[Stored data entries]
- - - - - - -
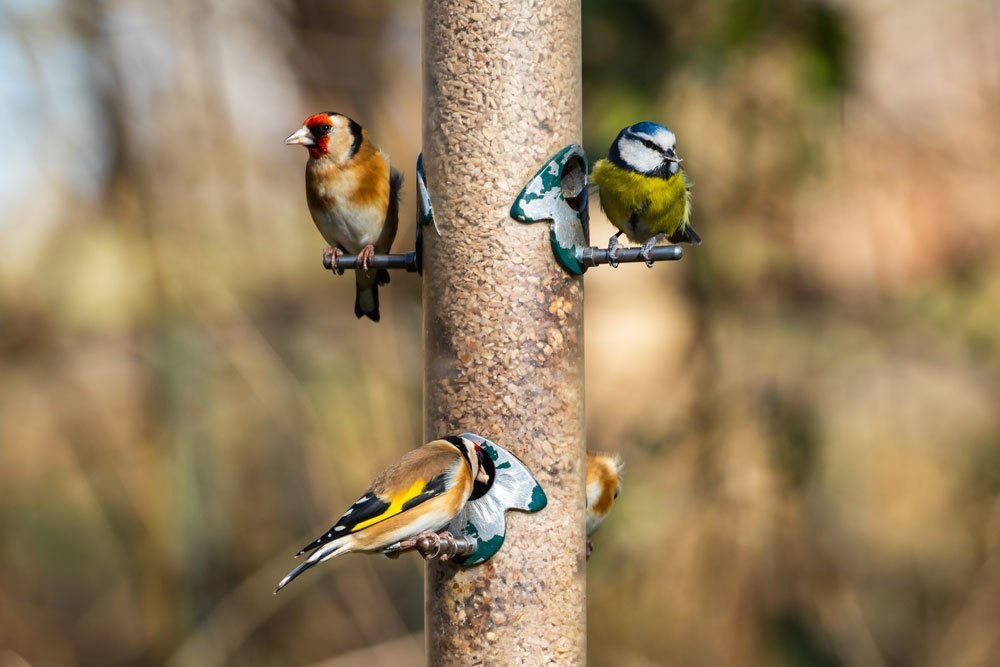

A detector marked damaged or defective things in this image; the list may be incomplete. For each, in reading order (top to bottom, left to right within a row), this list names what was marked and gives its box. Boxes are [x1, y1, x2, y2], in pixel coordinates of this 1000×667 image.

rusty speckled tube surface [422, 0, 584, 664]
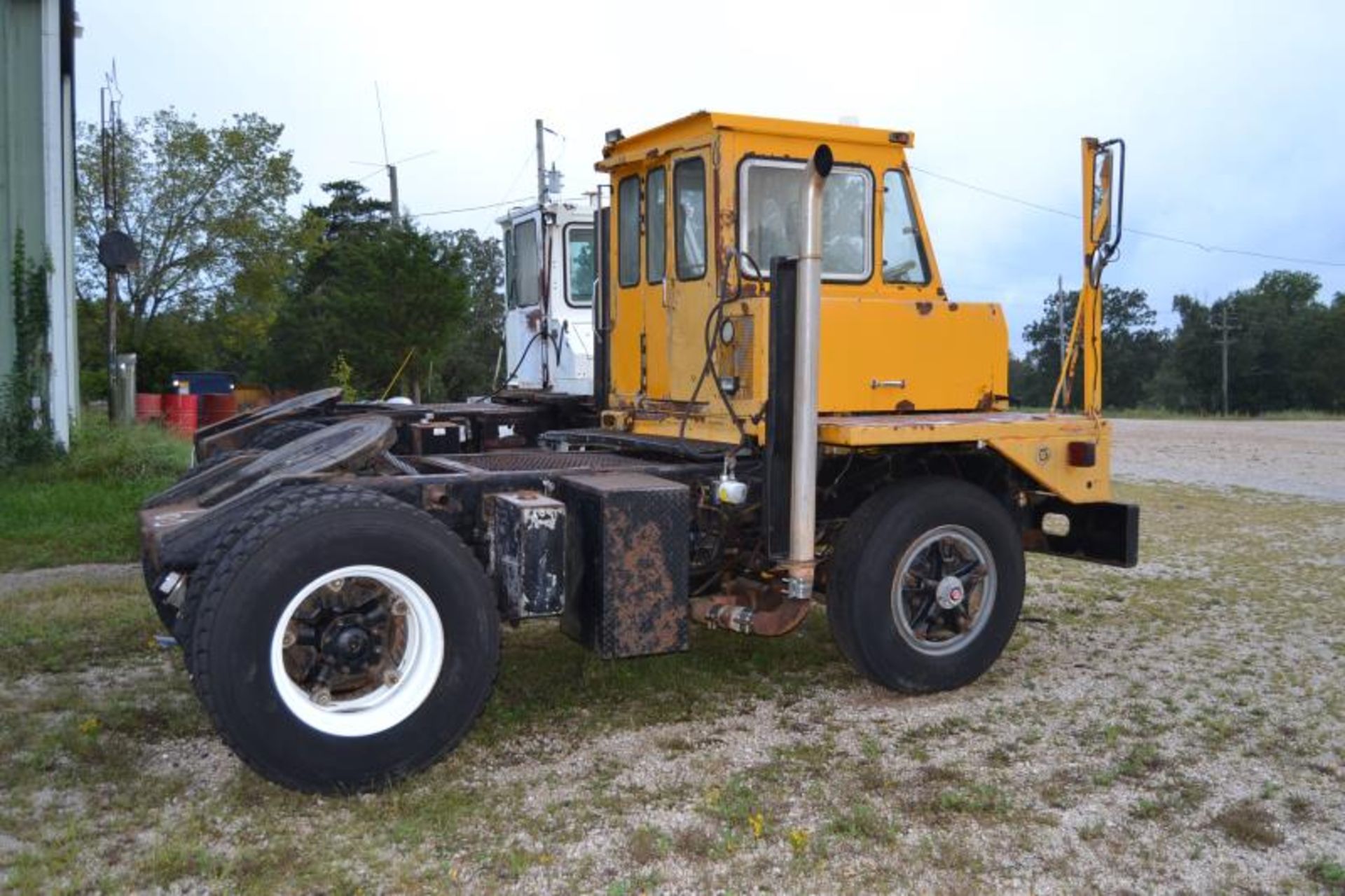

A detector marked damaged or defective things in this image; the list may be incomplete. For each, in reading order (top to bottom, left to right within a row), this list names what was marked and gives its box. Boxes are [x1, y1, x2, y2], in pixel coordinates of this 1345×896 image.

rusty metal panel [489, 490, 562, 613]
rusty metal panel [556, 473, 689, 656]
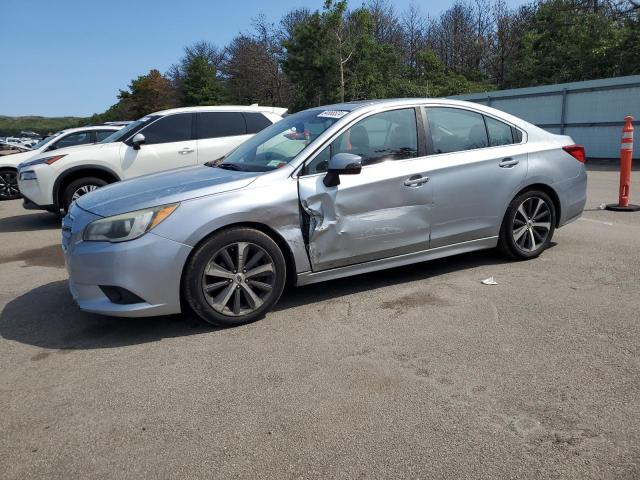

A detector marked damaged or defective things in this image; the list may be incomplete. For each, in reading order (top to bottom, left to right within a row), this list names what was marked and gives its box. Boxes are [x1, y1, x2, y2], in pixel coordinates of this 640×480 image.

damaged door panel [298, 161, 432, 272]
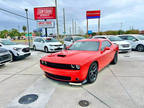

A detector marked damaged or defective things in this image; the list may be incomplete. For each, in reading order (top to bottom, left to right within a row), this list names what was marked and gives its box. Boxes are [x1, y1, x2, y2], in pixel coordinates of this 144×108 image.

pavement crack [81, 85, 111, 107]
pavement crack [108, 66, 138, 107]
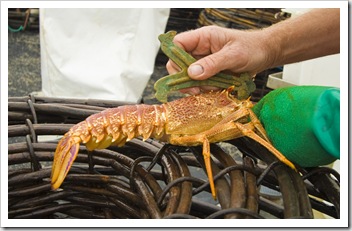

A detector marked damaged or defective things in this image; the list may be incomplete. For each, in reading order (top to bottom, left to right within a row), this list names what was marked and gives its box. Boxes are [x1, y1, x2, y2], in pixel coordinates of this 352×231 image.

rusty metal mesh [7, 94, 338, 219]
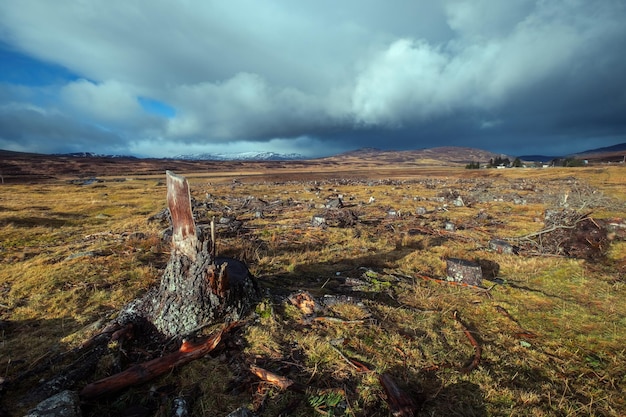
- - - - - - -
_Your instructions_. Output the records exactly, pictures excluded.

_Worked solution_.
A detector marked damaged or defective things in this image; the list may be incomplete. For each, in reading order (top to bottom, left to right within a row), this list names what was marked and gives its box. Boxes are [x1, y1, x2, y2], in pixel coordinates of this 1000×667 image.

rusty speckled tube surface [422, 0, 584, 664]

A detector marked damaged or defective things in this image; the list may be incomplete. For each, in reading order (top to bottom, left to right within a row), this list names what was marked and gives its box. Boxes are [x1, y1, x2, y2], in pixel coordinates of this 1345×896 image.

rusty metal panel [489, 490, 562, 613]
rusty metal panel [556, 473, 689, 656]

A detector marked damaged or defective things in this image; the list may be incomplete. For each, in reading order (top to bottom, left to right within a row), this list names what was marked and gives its box. Boxes are [x1, y1, x2, y2], in pixel coordinates of this 640×480 image.

damaged door panel [298, 161, 432, 272]

A detector marked damaged or defective things in this image; the list may be incomplete. For each, in reading order (top to bottom, left to right within a row), this list names what was marked and gives its box. Boxes are [x1, y1, x2, y2], in pixel coordinates of this 144×108 image.

pavement crack [81, 85, 111, 107]
pavement crack [108, 66, 138, 107]

A detector marked damaged or defective things in this image; the list may be incomplete. For each, in reading order (top to bottom, left to right within a row), this list names what was marked and gives its box. Boxes are [x1, y1, x2, y2], in pixel coordinates of this 352×231 image.

rusty metal mesh [7, 94, 338, 219]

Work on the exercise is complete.